Here is the full transcript of Caroline Heldman’s TED talk on The Sexy Lie at TEDxYouth@SanDiego.
Listen to the MP3 Audio here: The Sexy Lie by Caroline Heldman at TEDxYouth@SanDiego
Caroline Heldman – Professor at Occidental College
Good afternoon. Are we having a transformative afternoon so far? Well, I am here today to talk about a lie – in specific, a sexy lie. I know there are lots of lies, some of them are sexy, some of them are very unsexy. But I’d like to talk specifically about the lie or the idea that being a sex object is empowering. And I’d like to convince you that it is not empowering. First by talking about what sexual objectification is and then moving on to theoretical and data-driven analysis of why it’s damaging, and lastly, provide you a plan of action so that you can both navigate objectification culture and change objectification culture.

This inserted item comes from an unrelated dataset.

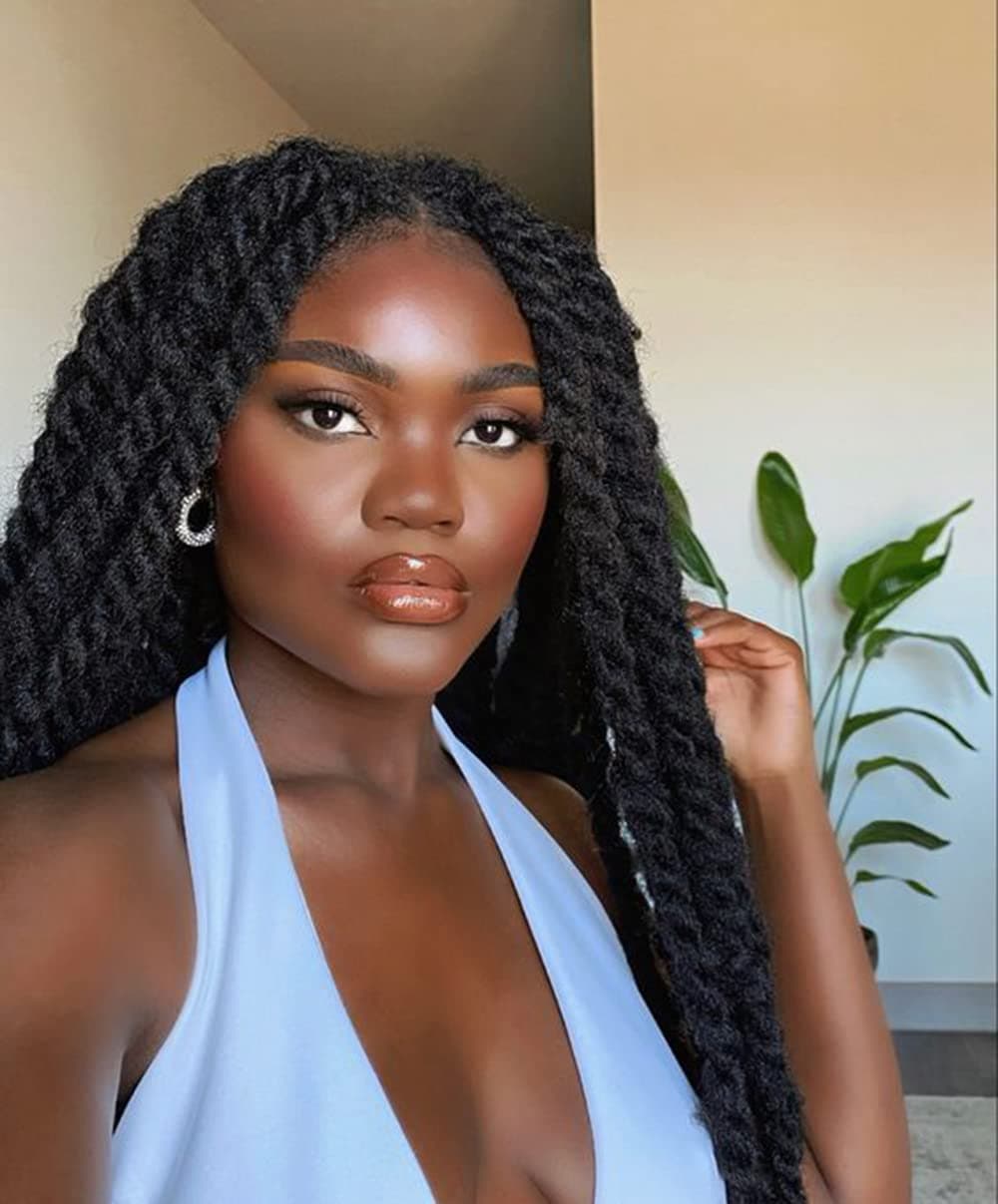 Marley Hair For Twists Afro Kinky Marley Braiding Hair 24Inch Cuban Twist Braid Marley Crochet Hair 3packs Marley Braid Hair Long Marley Twist Hair(24''-3 Packs, 1B#)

So let’s jump right in. What is sexual objectification? It’s the process of representing or treating a person like a sex object, one that serves another’s sexual pleasure. And what’s so interesting about sexual objectification is we used to have a vocabulary for it. In the ‘60s and ‘70s, we were concerned about sexual objectification and its harm on girls and women. In the ‘80s, ‘90s and today, we’ve actually been relatively quiet when it comes to public discourse. And so even though our sexual objectification culture is more amplified we see more images, and 96% of them are female, of sexually objectified bodies, we don’t have a vocabulary to talk about it.
And in fact, young people, I think, have even mostly lost the ability to identify it. As a friend of mine said, it’s like being raised in a red room, pulled out of that red room and asked to describe the color red. So I built on the work of others, and I put together a sex object test, and if the answer is yes to any of these 7 questions, then you are looking at a sexual objectifying image.
First, does the image show only parts of a sexualized person’s body? In other words, does a part stand in for the whole? This woman’s derrière, for example, in this advertisement. Does the image present a sexualized person as a stand in for an object? In this image a woman becomes a table. Does the image show the sexualized person as interchangeable? That is, as one of many items that can just be swapped out. Does the image affirm the idea of violating the bodily integrity of a sexualized person and that person can’t consent? In other words, is that person being acted upon as though she is a sexual object?
Does the image suggest that the sexual availability of the person is the defining characteristic of that person? And the text for this ad reads: “You know you’re not her first, but do you really care?” And it’s being used to sell pre-owned vehicles.
Does the image show a sexualized person as a commodity? Something that can be bought and sold? In this advertisement, you see women in a vending machine and a man is choosing a woman and this is to sell men’s shoes.
And, lastly, does the image treat the sexualized person’s body as a canvas? And I’m not talking about inking or tattooing that a person decides but rather marketers using the body as a specific type of canvas.
New objectification culture has emerged in the past 10 years and it’s marked by two things. One is an increase in the number of sexually objectifying ads in television, movies, video games, music videos, magazines and other mediums. And the second advertising component, is that the images have become more extreme, more hyper-sexualized.